### WHAT TO PRODUCE
All that is wanted is the exact text of the lines below from the one with "Naughty Cats Wall Murals" through the one with "View into the Gorges du Verdon", inclusive, minus any pictures.

### SUPPLIED ENTRIES
━━━━━━━━━━━━━━━━━━━━━━━━━━━━━━

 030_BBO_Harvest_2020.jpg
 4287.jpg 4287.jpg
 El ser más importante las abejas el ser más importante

━━━━━━━━━━━━━━━━━━━━━━━━━━━━━━

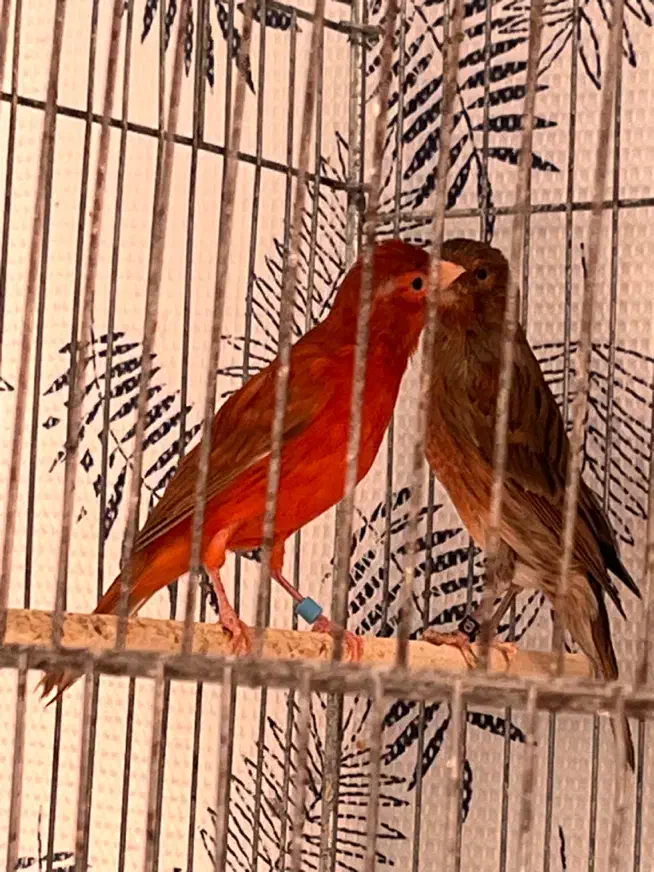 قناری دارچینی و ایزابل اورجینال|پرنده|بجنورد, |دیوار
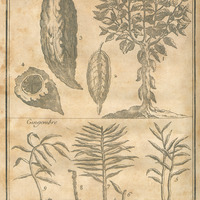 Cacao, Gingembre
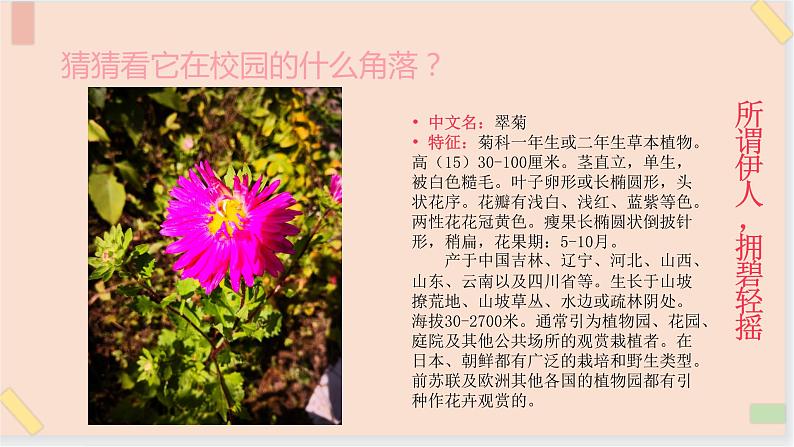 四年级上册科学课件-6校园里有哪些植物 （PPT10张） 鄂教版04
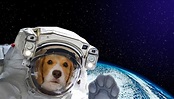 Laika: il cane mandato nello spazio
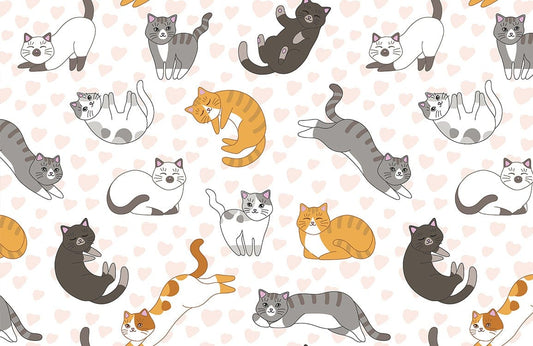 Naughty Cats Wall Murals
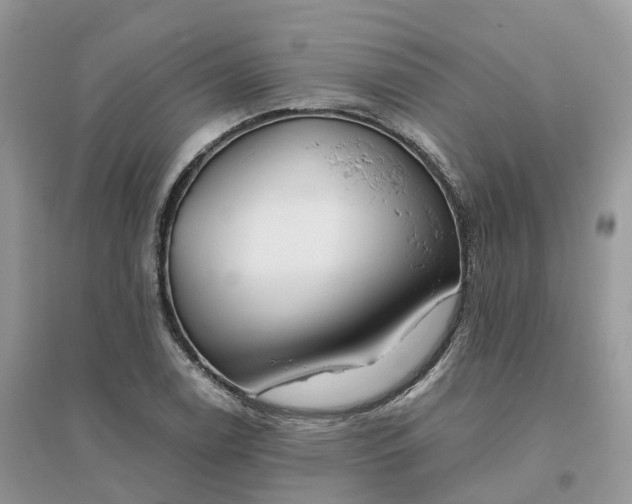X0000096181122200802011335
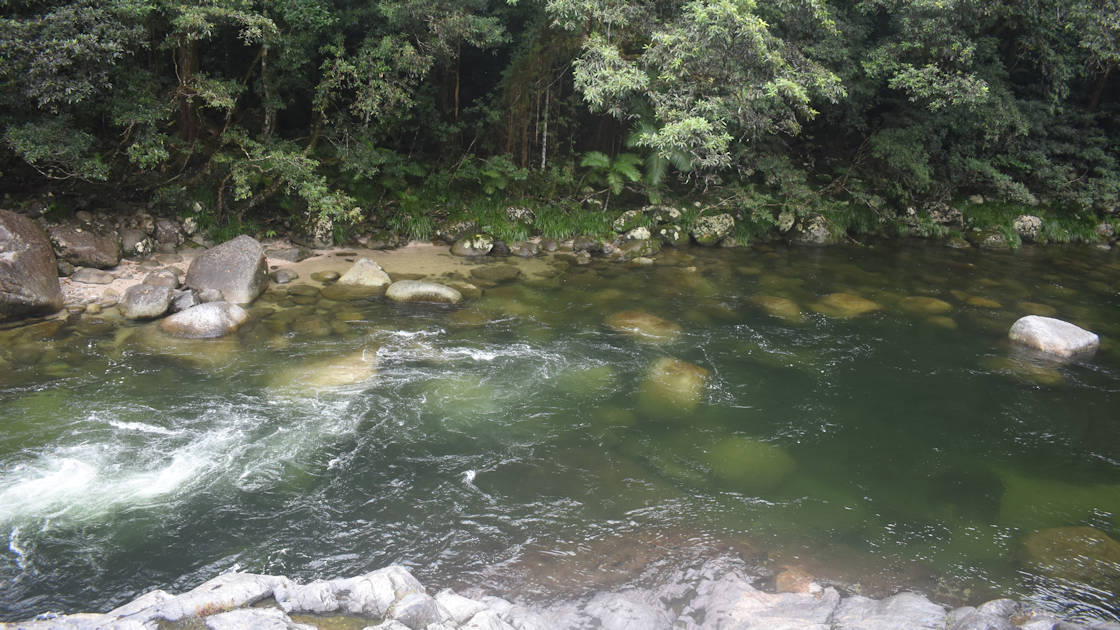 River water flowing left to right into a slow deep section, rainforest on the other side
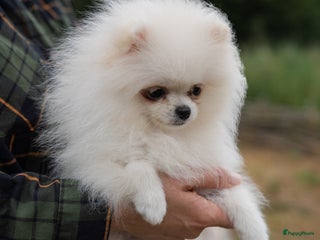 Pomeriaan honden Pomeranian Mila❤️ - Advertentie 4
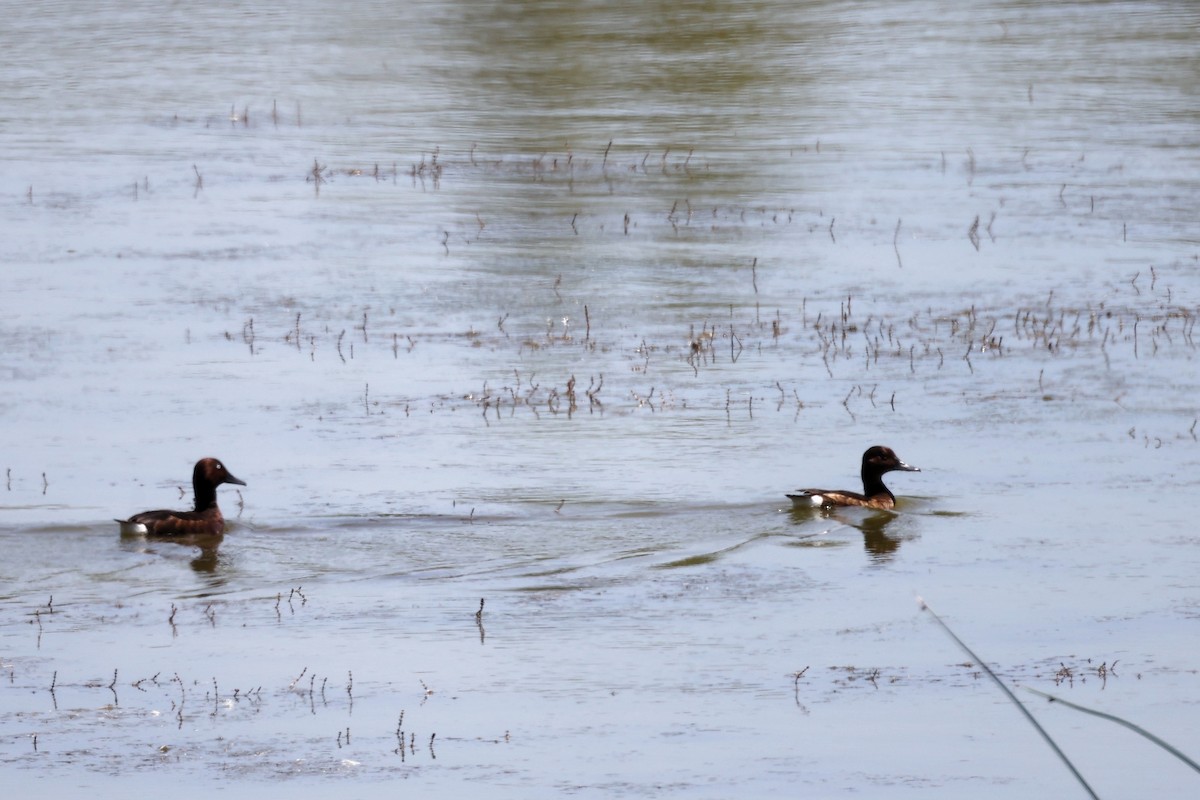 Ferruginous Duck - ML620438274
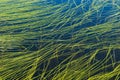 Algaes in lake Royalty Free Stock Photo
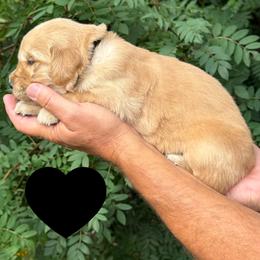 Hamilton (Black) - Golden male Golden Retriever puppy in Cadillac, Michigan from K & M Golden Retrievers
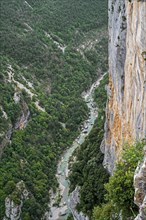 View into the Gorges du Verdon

━━━━━━━━━━━━━━━━━━━━━━━━━━━━━━

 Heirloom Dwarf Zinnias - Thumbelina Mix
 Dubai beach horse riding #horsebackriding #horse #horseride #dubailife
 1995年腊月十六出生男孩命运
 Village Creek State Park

━━━━━━━━━━━━━━━━━━━━━━━━━━━━━━

### EXPECTED ANSWER
 Naughty Cats Wall Murals
X0000096181122200802011335
 River water flowing left to right into a slow deep section, rainforest on the other side
 Pomeriaan honden Pomeranian Mila❤️ - Advertentie 4
 Ferruginous Duck - ML620438274
 Algaes in lake Royalty Free Stock Photo
 Hamilton (Black) - Golden male Golden Retriever puppy in Cadillac, Michigan from K & M Golden Retrievers
 View into the Gorges du Verdon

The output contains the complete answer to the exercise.